The impending age of big data has been inescapable in recent discourse, both scientific and otherwise. The prevailing metaphors cast big data as a tsunami or an avalanche, suggesting natural disaster poised to dash hapless researchers against the rocks. They are, of course, no such thing, and offer many opportunities provided that one is prepared. Some of these opportunities were on show at the Royal Society discussion meeting on “Next-generation molecular and evolutionary epidemiology of infectious disease”.
One focus, inevitably, was next-generation sequencing, with Paul Kellam speaking about its importance in tracking the spread of the three waves of the 2009 H1N1 pandemic at a population level; but also for following the rapid spread of polymorphisms though the virus population within a single patient. Bill Hanage discussed the use of whole-genome data to investigate phylogenetic relationships within highly recombinogenic bacteria like Streptococcus pneumoniae, for which traditional genetic methods simply can’t cut it.

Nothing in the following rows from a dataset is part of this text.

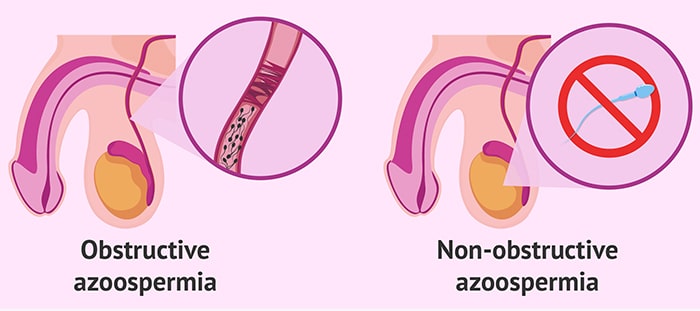 انواع آزواسپرمی کدامند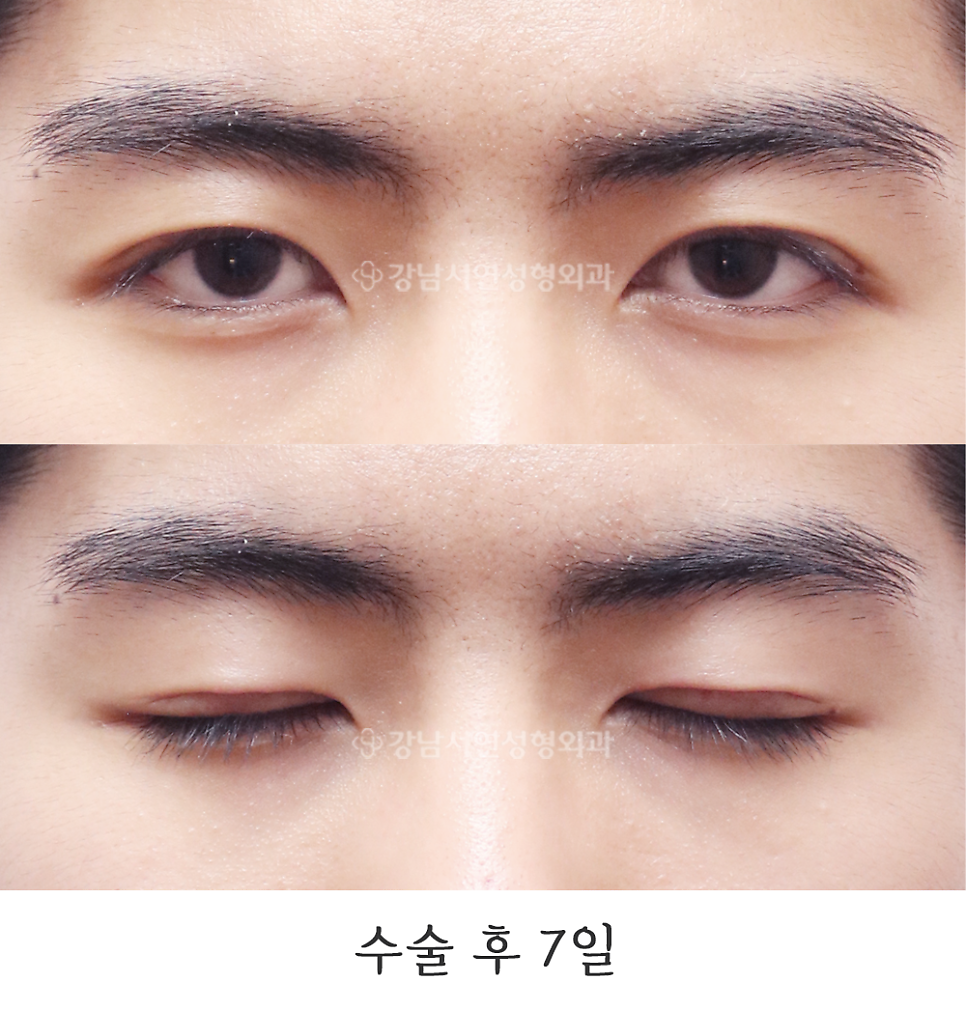 남자 눈성형 수술 후 사진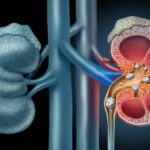 Protect Your Kidneys from Stones by Eating a Healthy Diet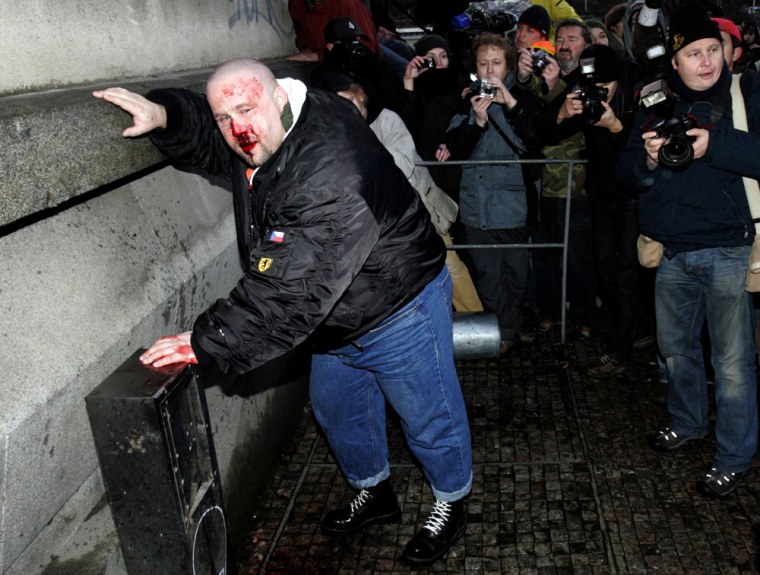 Image: Czech neo-nazi leans on the wall after he was injured during clashes with anti-fascist activists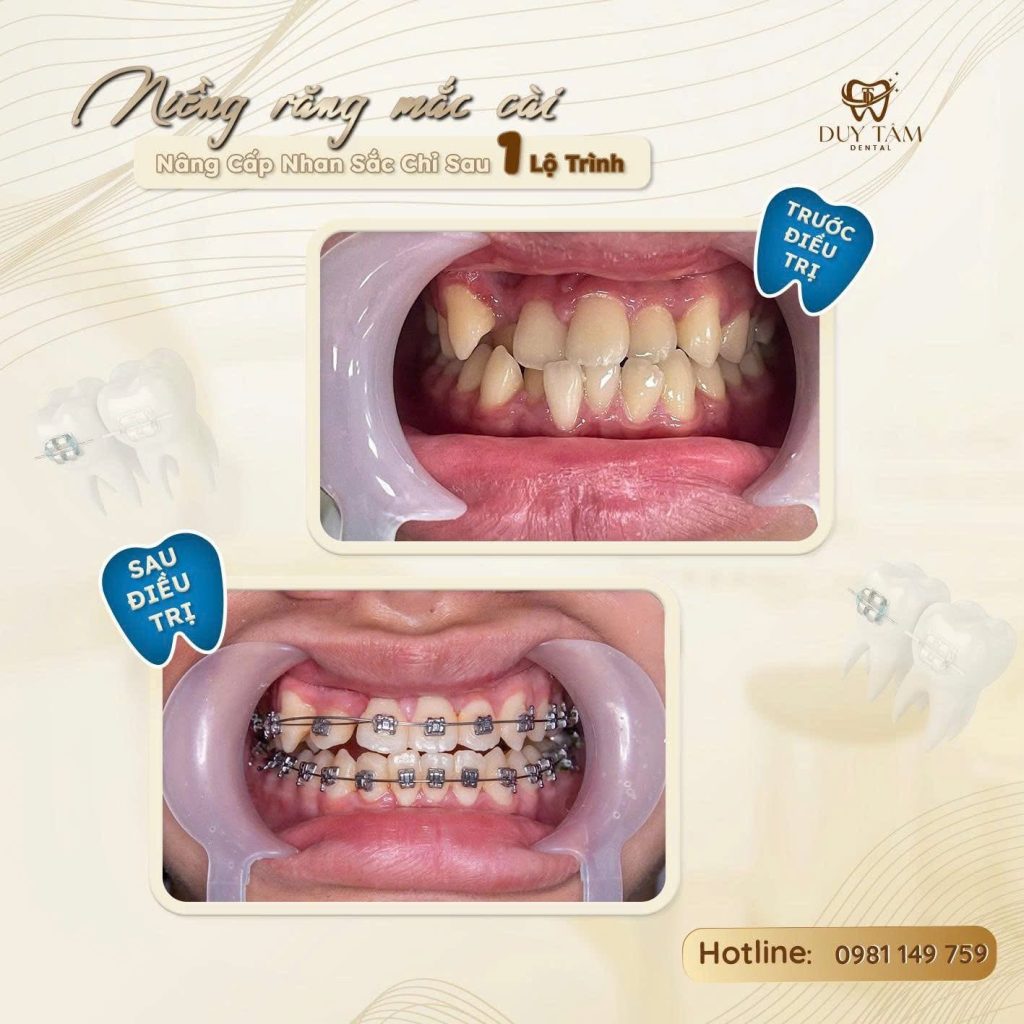 Kinh Nghiệm Khi Niềng Răng Mắc Cài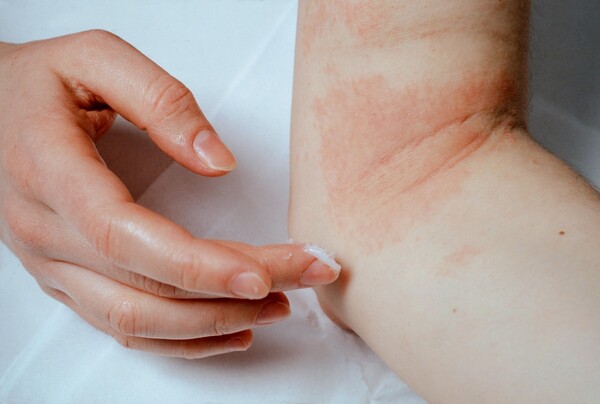 The number of people with atopic dermatitis has barely increased over the past five years, but its treatment cost has doubled. (Credit: Getty Images)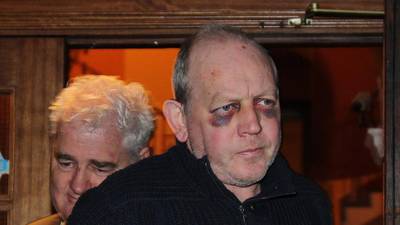 Pearse McCauley remanded again on assault charges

Some notes of restraint were sounded too. Dan Haydon told a cautionary tale about the current inability of deep sequencing to separate foot-and-mouth virus variation within an individual from technical noise, and suggested that in evolutionary studies of this virus, variation between individuals is the highest resolution at which we can currently make reliable inferences (the resulting graphs using “1 cow” as a basic unit of time amused, although we don’t imagine it shall become an SI unit any time soon). Contrary to the “sequence everything” school of thought, Sharon Peacock of the Health Protection Agency made the case for sparing use of whole-genome sequencing in clinical microbiology, where phenotypic tests still offer good effectiveness for their cost and in the majority of cases sequencing is an unnecessary expense.

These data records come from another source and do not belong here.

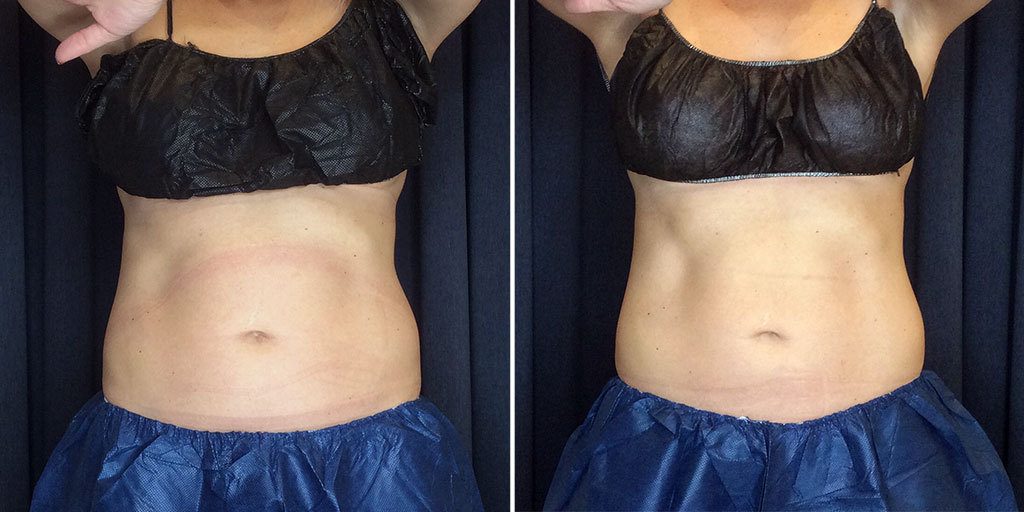 coolsculpting before and after results on abdomen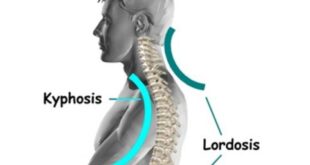 Cervical Lordosis - Loss, Reversal, Treatment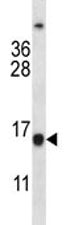 Bcl-2 Antibody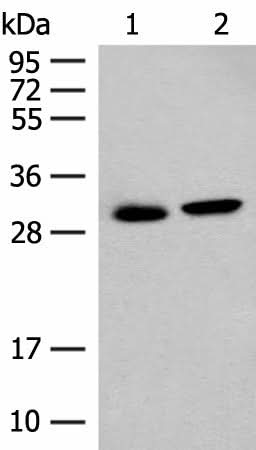 Western blot analysis of Mouse kidney tissue and Human kidney tissue lysates using GLYAT Polyclonal Antibody at dilution of 1:300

Epidemiologists are perhaps uniquely interested in co-mapping phylogenetic and spatial data, given the power of explicitly tracking the recent history of disease spread, and there were a number of talks on the potential for spatial phylodynamics in modelling the spread of diseases including rabies and influenza. Perhaps the most striking example of the efficacy of this approach was given by Sharon Peacock, who showed how whole genome sequencing of MRSA allowed spatial mapping of its spread at the resolution of wards within a single hospital.
However, collecting spatial data is no straightforward task, and the future of surveillance was a popular subject. Simon Hay discussed a project to update global risk maps for disease, which are “often diabolical”, through careful curation via survey of the existing data and literature – but this is very costly in time and resources, and the future of this kind of curation might be driven by automated data-mining of resources such as PubMed and GenBank. Larry Brilliant spoke about Google.org’s Flu Trends, which tracks outbreaks through users’ flu-related search terms with surprising success – often reporting peaks in flu activity a week or two ahead of the CDC’s GP-reported data – and went on to give an overview and endorsement of the current trend for web-based crowd-sourcing of reports through sites like HealthMap and ProMED.
Readers will, of course, be wondering about the privacy issues related to these new kinds of data-collection methods, and this was on attendees’ minds too. Nowhere is the discord between the need for patient privacy and the public health benefits of data release more apparent than epidemiology, where the geographic location of a patient – a key piece of information – goes a considerable way to revealing their identity. One unsavoury possibility is the future prospect of using a combination of genetic and epidemiological data to personally identify a key patient; say, “patient zero” for a particular pandemic, or an infection-multiplying “superspreader” for HIV – although it is important to emphasise that neither of these is likely at present. The discussion of these issues was only one aspect of a lively panel discussion to close the meeting, which also took in issues of data quality and accessibility, and how encouraging data citability might be one way to solve them. (Those interested in data citation might like to read the recent blog post and associated BMC Research Notes article on the current gold standard).
For those whose interest in evolutionary epidemiology has been piqued, suggested further reading in BMC Biology comes from Trevor Bedford and colleagues’ recent research modelling the evolutionary reasons for strikingly low standing diversity in the H3N2 flu virus; and Nobel laureate Peter Doherty and colleague Paul Thomas’s comment on why knowing which mutations to look for in natural H5N1 flu reservoirs is more important than the perceived dangers which lead to the redaction – now reversed – of the description of particularly virulent laboratory strains.